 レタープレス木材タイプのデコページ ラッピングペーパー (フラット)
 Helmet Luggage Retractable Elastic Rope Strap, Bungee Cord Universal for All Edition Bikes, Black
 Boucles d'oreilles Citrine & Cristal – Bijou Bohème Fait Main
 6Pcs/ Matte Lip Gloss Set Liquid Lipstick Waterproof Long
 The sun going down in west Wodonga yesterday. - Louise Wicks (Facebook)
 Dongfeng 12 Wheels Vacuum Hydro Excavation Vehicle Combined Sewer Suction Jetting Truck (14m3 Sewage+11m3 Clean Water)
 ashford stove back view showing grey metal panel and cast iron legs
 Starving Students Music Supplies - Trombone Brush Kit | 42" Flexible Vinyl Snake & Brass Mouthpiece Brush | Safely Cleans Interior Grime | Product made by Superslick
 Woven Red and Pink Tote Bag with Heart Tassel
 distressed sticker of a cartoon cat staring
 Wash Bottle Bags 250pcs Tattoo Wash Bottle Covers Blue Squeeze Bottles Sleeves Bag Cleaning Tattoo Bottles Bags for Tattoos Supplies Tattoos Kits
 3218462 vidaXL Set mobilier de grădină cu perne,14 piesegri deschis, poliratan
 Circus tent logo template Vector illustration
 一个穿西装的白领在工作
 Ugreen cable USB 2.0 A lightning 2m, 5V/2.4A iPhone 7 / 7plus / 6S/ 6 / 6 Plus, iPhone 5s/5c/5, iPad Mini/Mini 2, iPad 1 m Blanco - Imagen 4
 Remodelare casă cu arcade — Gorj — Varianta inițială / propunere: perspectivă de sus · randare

-*-*-

▶ Required work
Wherever the word "Supplies" appears in the data, return the whole line.

▶ Answer space
 Starving Students Music Supplies - Trombone Brush Kit | 42" Flexible Vinyl Snake & Brass Mouthpiece Brush | Safely Cleans Interior Grime | Product made by Superslick
 Wash Bottle Bags 250pcs Tattoo Wash Bottle Covers Blue Squeeze Bottles Sleeves Bag Cleaning Tattoo Bottles Bags for Tattoos Supplies Tattoos Kits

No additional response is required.